'I liked the CGI-ness (as we’d call it now) of it'
The Great Day of His Wrath, 1851-53, by John Martin (1789-1854), 6¼ft by 10ft, Tate Collection, London
Peter York says:
I remember it from early in its reinstatement when I was in a very Victorian painting mood. I liked the CGI-ness (as we’d call it now) of it. My parents’ generation thought this sort of stuff was “amusing”, but I thought it was terrific, like the Dalí “soft watches” that were just round the corner. I’ve gone off the Dalí, but John Martin and the Book of Revelation couldn’t be more now!
Peter York is a management consultant, journalist, author and broadcaster. His latest book, Authenticity is a Con, was published in 2014
John McEwen comments on The Great Day of His Wrath:
This is from Martin’s climactic triptych (with The Last Judgement and The Plains of Heaven) known as the ‘Judgement Series’. It illustrates a scene from the last book of the New Testament, The Revelation (or The Apocalypse) by the Apostle John (or St John the Divine).
He describes the Book of Judgement sealed with seven seals. The broken sixth revealed ‘the great day of his wrath’: ‘And, lo, there was a great earthquake; and the sun became black as sackcloth of hair, and the moon became as blood/…and every mountain and island were moved out of their places./And the kings… and every free man, hid themselves…/And said…/For the great day of his wrath is come; and who shall be able to stand?’ (Revelation:6:12-17).

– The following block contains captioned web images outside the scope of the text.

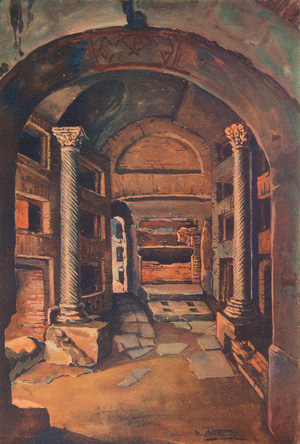 Lot 524, Auction  126, Styger, Paul, Römische Märtyrer-Grüfte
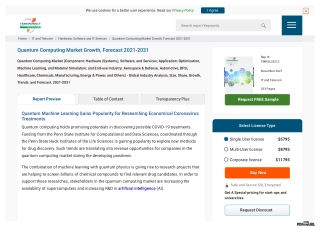 Quantum Computing Market Growth, Forecast 2021-2031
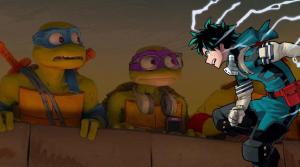 Teenage Mutant Ninja Turtles: Mutant Mayhem Has a My Hero Academia Reference
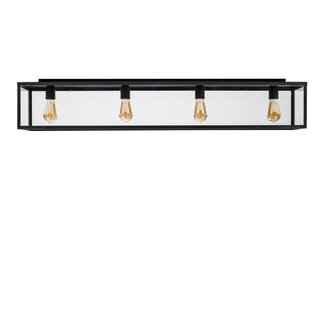 Authentage Plafonnier lumineux vitrine long 4L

This hellfire sermon in pictorial terms was Martin’s most famous painting. It shows his awareness of industrialisation, of the new science of geology and a romantic attachment to the concept of the Sublime: the immensity of Nature, the smallness of Man.
That he was also a theatre-set designer is no surprise. The painting was presented theatrically, the audience seated in darkness. Passages were spotlit to sound effects and a thunderous reading of the Biblical text off-stage. Martin died on its completion.
After his death, the triptych toured England and America and was reproduced as a best-selling print. Once considered unparalleled and valued at 8,000 guineas, by 1935, it was sold for £7 and split up. The Tate reunited it in 1974. In our age of cinematic special effects, Martin has regained favour as an honoured precursor.